3)Dava, trafik kazasından kaynaklanan destekten yoksun kalma tazminatı ve manevi tazminat istemine ilişkindir.
Pasif devre zararının hesaplanması sırasında esas alınan ücret, bir çalışmanın karşılığı değil ekonomik bir değer taşıyan yaşamsal faaliyetlerin sürdürülmesinin karşılığıdır. Hal böyle olunca da ücretle fiilen çalışanlara uygulanmak için getirilen asgari geçim indiriminin, ücretli bir çalışmanın söz konusu olmadığı pasif devre zararının hesaplanması sırasında dikkate alınamayacağı açıktır. Zira, asgari geçim indirimi ücretin eki olmadığından, tazminat alacaklarının hesaplanmasına esas ücrete dahil edilemez.
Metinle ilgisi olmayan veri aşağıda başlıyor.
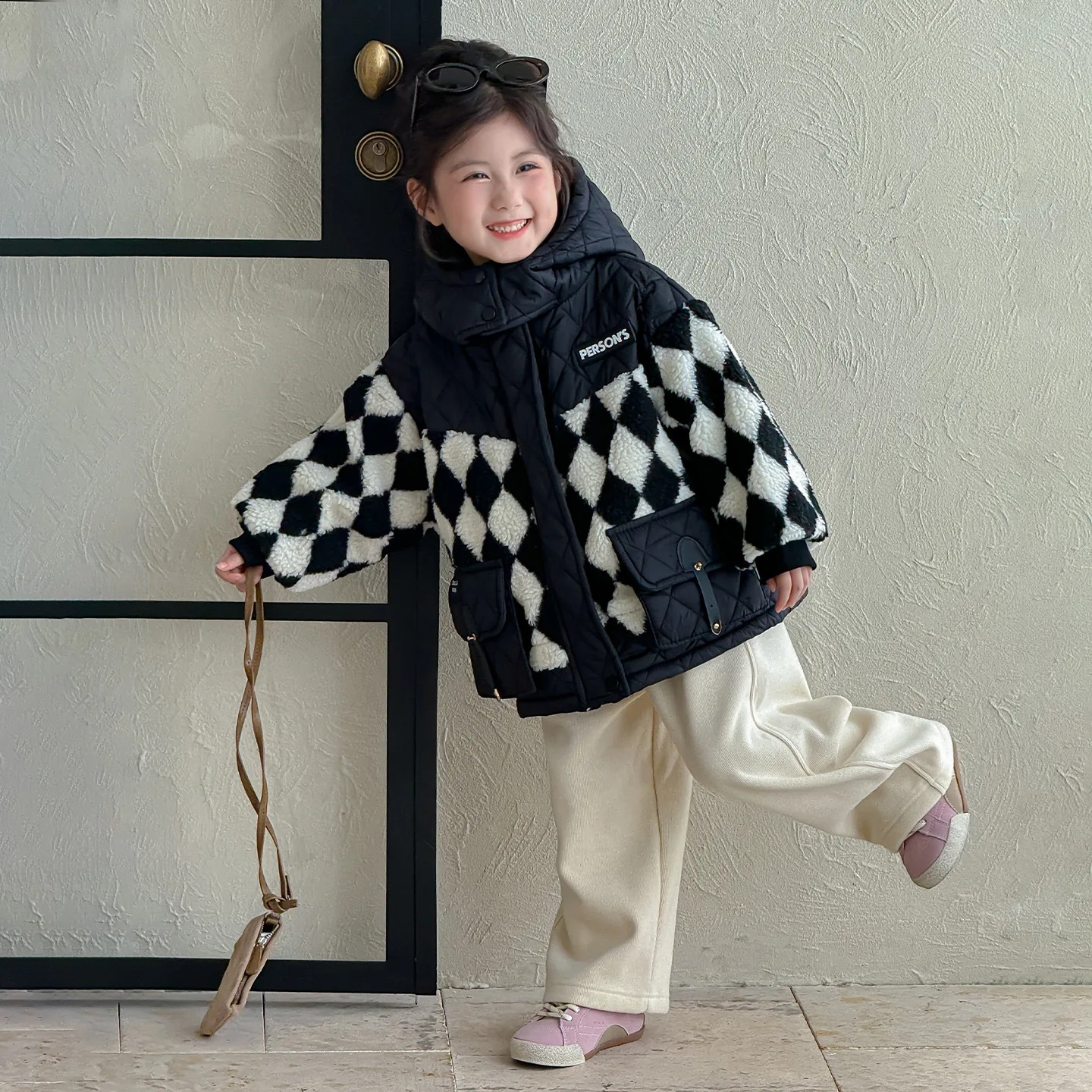 Winter Children Girls Parkas Cotton Padded Argyle Spliced Toddler Kids Girls Jackets Hooded Thick Warm Baby Girls Outerwear Coat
Somut olayda, destekten yoksun kalan davacı …’nun desteğe ilişkin pasif dönem zararı asgari geçim indirimi olmaksızın asgari ücret üzerinden hesaplanması gerektiğinden hükme esas alınan bilirkişi raporunda ise asgari geçim indirimi uygulanmış asgari ücretin esas alındığı görülmekle mahkemece, bilirkişiden bu yönde ek rapor alındıktan sonra varılacak sonuca göre karar vermek gerekirken, eksik incelemeyle yazılı şekilde karar verilmesi doğru görülmemiştir.
SONUÇ: Yukarıda 1)numaralı bentte açıklanan nedenlerle davacılar, davalı … ve davalı …. vekillerinin sair temyiz itirazlarının reddine, 2)numaralı bentte açıklanan nedenlerle davacı vekilinin temyiz itirazının, 3) numaralı bentte açıklanan nedenlerle davalı … vekilinin ve davalı …. Vekilinin temyiz itirazının kabulü ile hükmün BOZULMASINA, peşin alınan harcın istek halinde temyiz eden davacılar ve davalı … AŞ ve …’ne geri verilmesine 22/06/2015 gününde oybirliğiyle karar verildi.